The official press release for the 2021 Mercedes-Benz S-Class press release is 77 pages long. It’s a novel, and after reading it, your brain needs a vacation. But there’s a reason for that excess – the latest S-Class, codenamed W223, packs so much tech it makes a moon landing look like a class project at Clown College.
At first glance, much of the equipment might sound like frippery. But the S-Class has always represented the tip of the spear in new four-wheeled features. In ten years, what that expansive press release introduces will be common content in affordable, mainstream cars.
The S-Class enjoys this role because it makes all that technology work in a way that’s reasonable and easy to use in everyday life.

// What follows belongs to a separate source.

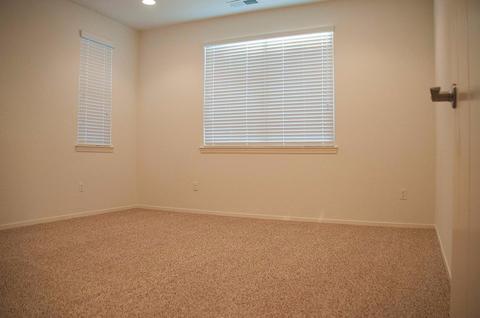 313 S Wind Ct, Visalia, CA 93292 photo 52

Despite the rocket science, this is still a car – the best-selling car in the class, mind you, but still a car. Maintaining that crown means looking more prestigious and driving even better than any other competitor. But conspicuous luxury is slightly less fashionable nowadays unless it’s the result of a sustainable approach.
Reinventing An Icon
The 2021 S-Class rides atop an entirely new platform, code-named MRA II. Designed to accommodate more robust electronics and the large battery of the S580e plug-in hybrid, the W223 grows in all directions. Standard-bodied cars span 17 feet, a 2.0-inch increase over last year’s car. The wheelbase grows even more, by 3.0 inches, to 122.4 inches. If you go with the long-wheelbase model (the only one coming to the United States), the overall length grows 1.3 inches, to 17.4 feet.
But despite the growth and all the new tech, the S-Class bucks the trend set by a lot of new cars by losing some weight. More aluminum and high-strength steel have the double benefit of stiffening the body-in-white and shaving 132 pounds, too. That more rigid body cuts down on vibrations and noise, making the S-Class quieter and more comfortable than ever.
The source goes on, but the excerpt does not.